ALAudioRenderer: code improvements

Hi everyone,

I’ve recently been working on enhancing the sound system within the demo I am currently developing. I’ve found that the current jME API appears to lack support for implementing custom AudioRenderer solutions beyond the existing lwjgl and joal implementations. This presents a significant limitation. Furthermore, extending the functionality of the current AudioRenderer seems to require modifications to the engine’s core codebase, which is challenging given the complexity of the existing source.
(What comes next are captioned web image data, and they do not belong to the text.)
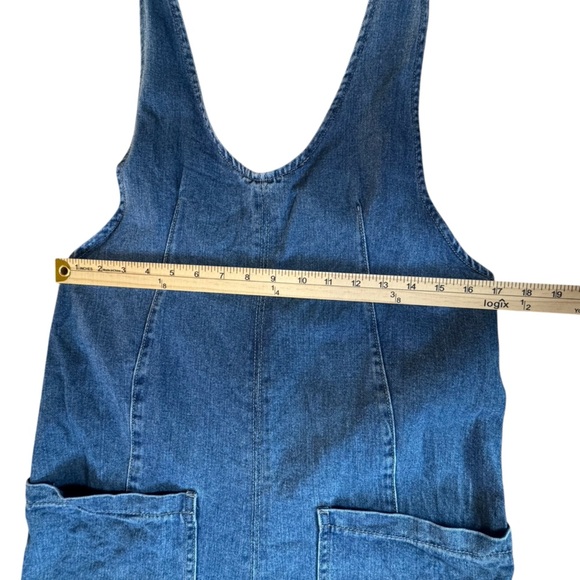 HG Denim High Roller Adjustable Jumpsuit Women's Blue Denim Overalls, Size S - Picture 10 of 13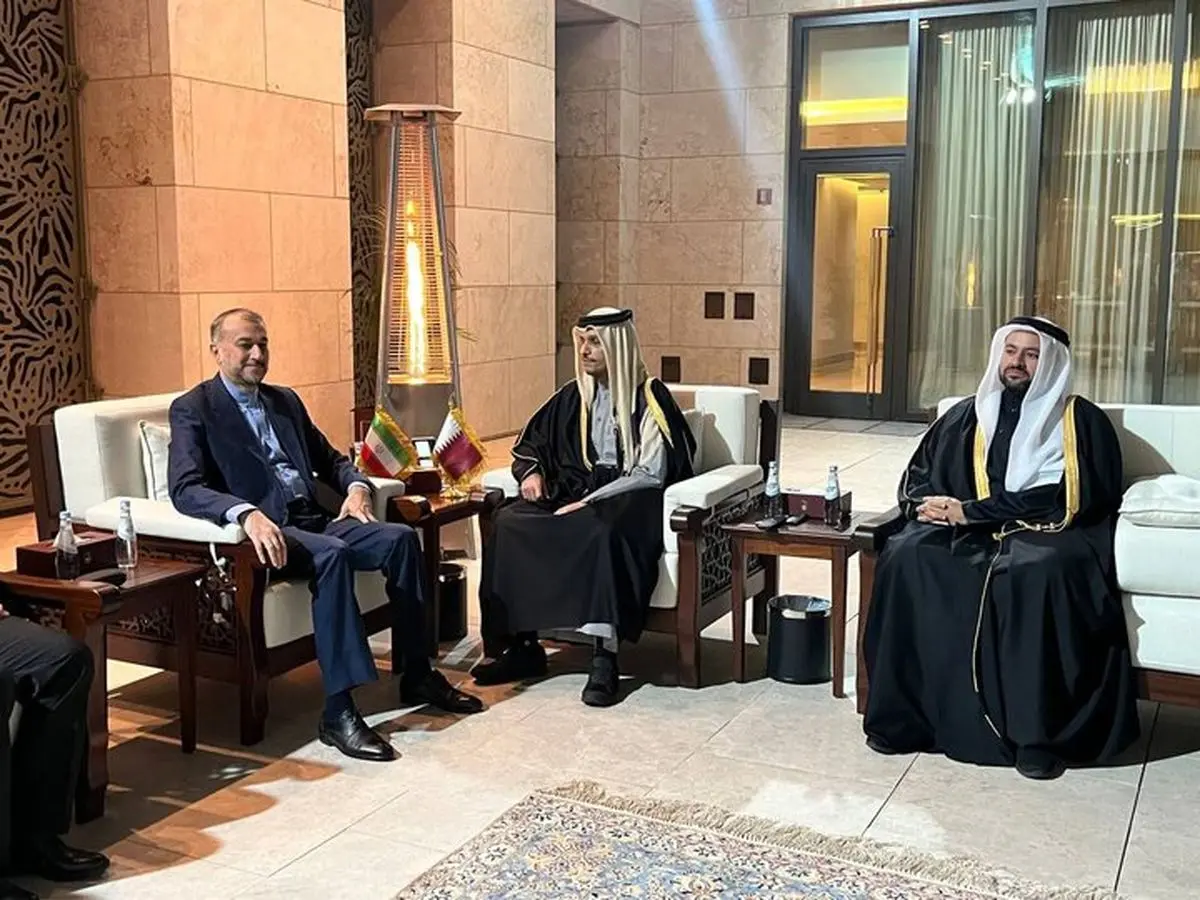 دیدار امیرعبداللهیان با نخست‌وزیر قطر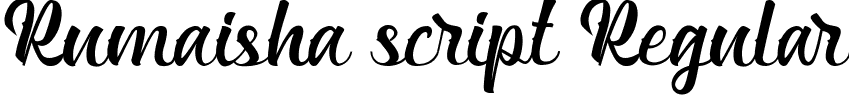 Rumaisha script Regular font - Rumaisha script.ttf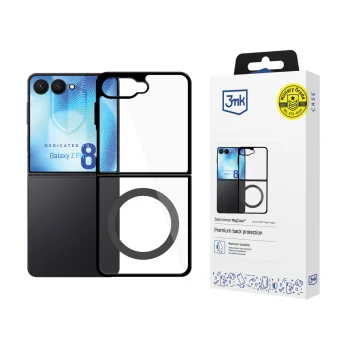 Чехол 3mk Satin Armor Case+ Flip для Samsung Galaxy Z Flip 8, прозрачный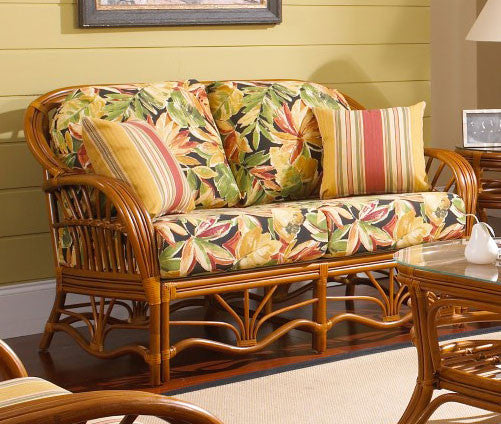 South Sea Rattan Palm Harbor Indoor Loveseat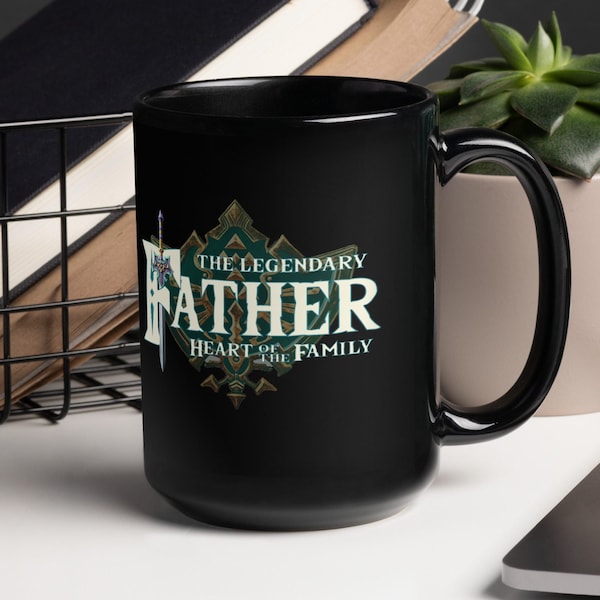 The Legendary Father Mug. Fathers Day Gifts, For Dad, Birthday Gift, RPG lover, Gifts For Father, Gamer Gift, Triforce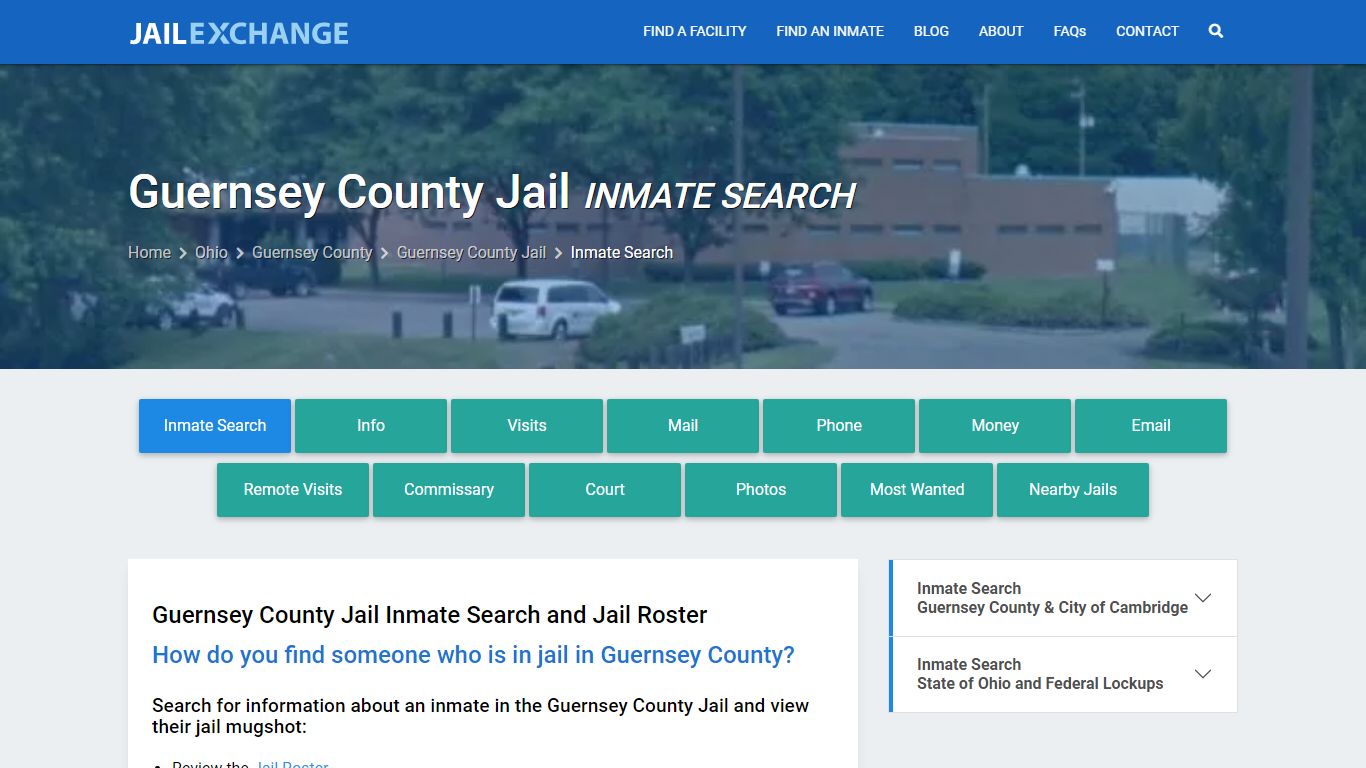 Inmate Search: Roster & Mugshots - Guernsey County Jail, OH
JmeDesktopSystem.newAudioRenderer()

// API doesn't really allow for writing custom AudioRenderer 
// implementations using AppSettings.

    @Override
    public AudioRenderer newAudioRenderer(AppSettings settings) {
        initialize(settings);

        AL al;
        ALC alc;
        EFX efx;
        if (settings.getAudioRenderer().startsWith("LWJGL")) {
            al = newObject("com.jme3.audio.lwjgl.LwjglAL");
            alc = newObject("com.jme3.audio.lwjgl.LwjglALC");
            efx = newObject("com.jme3.audio.lwjgl.LwjglEFX");
        } else if (settings.getAudioRenderer().startsWith("JOAL")) {
            al = newObject("com.jme3.audio.joal.JoalAL");
            alc = newObject("com.jme3.audio.joal.JoalALC");
            efx = newObject("com.jme3.audio.joal.JoalEFX");
        } else {
            throw new UnsupportedOperationException(
                    "Unrecognizable audio renderer specified: "
                    + settings.getAudioRenderer());
        }

        if (al == null || alc == null || efx == null) {
            return null;
        }

        return new ALAudioRenderer(al, alc, efx);
    }

LegacyApplication.initAudio()

// why put a Listener object in the LegacyApplication class?
// why does the Listener class have such a generic, non-specialized name?
// why not AudioListener?

    private void initAudio() {
        if (settings.getAudioRenderer() != null && context.getType() != Type.Headless) {
            audioRenderer = JmeSystem.newAudioRenderer(settings);
            audioRenderer.initialize();
            AudioContext.setAudioRenderer(audioRenderer);

            listener = new Listener();
            audioRenderer.setListener(listener);
        }
    }

It also became apparent that many capabilities of the OpenAL library, such as Effects and Sound Filters, have not been fully utilized in the current jme integration.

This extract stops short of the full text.